== Segment start ==

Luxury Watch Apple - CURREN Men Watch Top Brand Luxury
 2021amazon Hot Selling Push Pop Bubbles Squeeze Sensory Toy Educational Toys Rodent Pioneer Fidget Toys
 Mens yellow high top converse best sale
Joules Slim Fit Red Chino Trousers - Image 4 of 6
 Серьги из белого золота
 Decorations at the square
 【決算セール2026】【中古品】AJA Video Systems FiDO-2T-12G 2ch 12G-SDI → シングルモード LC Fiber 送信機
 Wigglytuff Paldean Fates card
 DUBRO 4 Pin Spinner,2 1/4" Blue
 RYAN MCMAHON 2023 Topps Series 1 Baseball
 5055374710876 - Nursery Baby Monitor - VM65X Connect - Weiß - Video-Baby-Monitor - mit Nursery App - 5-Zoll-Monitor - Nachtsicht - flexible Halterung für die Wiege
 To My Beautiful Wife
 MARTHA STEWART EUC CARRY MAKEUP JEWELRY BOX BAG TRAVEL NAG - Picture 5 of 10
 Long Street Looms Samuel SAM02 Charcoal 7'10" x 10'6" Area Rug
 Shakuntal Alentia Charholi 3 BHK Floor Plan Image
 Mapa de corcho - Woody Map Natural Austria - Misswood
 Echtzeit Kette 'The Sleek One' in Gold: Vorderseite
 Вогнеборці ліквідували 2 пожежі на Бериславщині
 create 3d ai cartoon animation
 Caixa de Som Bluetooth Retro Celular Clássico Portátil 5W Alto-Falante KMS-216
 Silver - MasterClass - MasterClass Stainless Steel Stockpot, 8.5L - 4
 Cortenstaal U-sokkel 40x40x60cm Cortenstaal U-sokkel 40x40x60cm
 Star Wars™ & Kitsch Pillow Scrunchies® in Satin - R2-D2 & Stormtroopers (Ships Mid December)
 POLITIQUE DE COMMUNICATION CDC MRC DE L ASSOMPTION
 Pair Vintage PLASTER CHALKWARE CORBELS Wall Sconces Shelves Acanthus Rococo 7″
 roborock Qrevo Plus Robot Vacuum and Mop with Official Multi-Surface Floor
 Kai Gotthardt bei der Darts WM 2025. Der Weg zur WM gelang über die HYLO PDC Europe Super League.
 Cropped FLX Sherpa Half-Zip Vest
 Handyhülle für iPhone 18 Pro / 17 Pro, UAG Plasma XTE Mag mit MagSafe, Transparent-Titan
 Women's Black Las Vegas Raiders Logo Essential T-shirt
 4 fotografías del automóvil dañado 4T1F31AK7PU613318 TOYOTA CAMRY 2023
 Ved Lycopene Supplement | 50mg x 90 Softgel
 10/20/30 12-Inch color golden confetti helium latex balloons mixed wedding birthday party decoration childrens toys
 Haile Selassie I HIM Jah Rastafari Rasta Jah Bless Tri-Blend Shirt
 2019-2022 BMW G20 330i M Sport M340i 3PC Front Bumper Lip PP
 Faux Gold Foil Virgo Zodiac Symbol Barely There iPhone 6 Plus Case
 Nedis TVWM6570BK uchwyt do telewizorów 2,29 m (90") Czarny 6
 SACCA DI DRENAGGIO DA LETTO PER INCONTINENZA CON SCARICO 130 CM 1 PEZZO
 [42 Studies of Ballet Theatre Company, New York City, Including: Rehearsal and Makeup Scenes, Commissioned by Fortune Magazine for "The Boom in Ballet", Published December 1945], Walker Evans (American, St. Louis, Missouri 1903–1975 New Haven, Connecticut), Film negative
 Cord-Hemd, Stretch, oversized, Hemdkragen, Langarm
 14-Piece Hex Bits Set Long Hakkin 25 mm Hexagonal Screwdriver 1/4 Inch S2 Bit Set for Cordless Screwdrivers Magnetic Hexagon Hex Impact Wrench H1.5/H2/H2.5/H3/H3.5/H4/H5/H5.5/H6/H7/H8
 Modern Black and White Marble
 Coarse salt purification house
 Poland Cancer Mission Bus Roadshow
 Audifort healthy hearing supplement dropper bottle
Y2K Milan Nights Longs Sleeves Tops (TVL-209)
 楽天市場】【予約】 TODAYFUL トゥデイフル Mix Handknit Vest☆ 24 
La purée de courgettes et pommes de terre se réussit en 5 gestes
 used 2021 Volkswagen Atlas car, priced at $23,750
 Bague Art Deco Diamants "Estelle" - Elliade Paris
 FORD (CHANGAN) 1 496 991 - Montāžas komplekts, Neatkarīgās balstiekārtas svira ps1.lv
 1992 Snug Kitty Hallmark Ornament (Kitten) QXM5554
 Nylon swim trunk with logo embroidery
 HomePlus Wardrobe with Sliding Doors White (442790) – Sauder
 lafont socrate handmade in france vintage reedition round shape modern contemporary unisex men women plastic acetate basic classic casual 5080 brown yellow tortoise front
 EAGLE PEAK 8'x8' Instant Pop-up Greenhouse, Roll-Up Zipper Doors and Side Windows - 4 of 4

== Segment end ==

An exact, complete copy of the lines above from the one with "Haile Selassie I" through the one with "Cord-Hemd, Stretch, oversized, Hemdkragen, Langarm" is the whole answer.

» Answer below
 Haile Selassie I HIM Jah Rastafari Rasta Jah Bless Tri-Blend Shirt
 2019-2022 BMW G20 330i M Sport M340i 3PC Front Bumper Lip PP
 Faux Gold Foil Virgo Zodiac Symbol Barely There iPhone 6 Plus Case
 Nedis TVWM6570BK uchwyt do telewizorów 2,29 m (90") Czarny 6
 SACCA DI DRENAGGIO DA LETTO PER INCONTINENZA CON SCARICO 130 CM 1 PEZZO
 [42 Studies of Ballet Theatre Company, New York City, Including: Rehearsal and Makeup Scenes, Commissioned by Fortune Magazine for "The Boom in Ballet", Published December 1945], Walker Evans (American, St. Louis, Missouri 1903–1975 New Haven, Connecticut), Film negative
 Cord-Hemd, Stretch, oversized, Hemdkragen, Langarm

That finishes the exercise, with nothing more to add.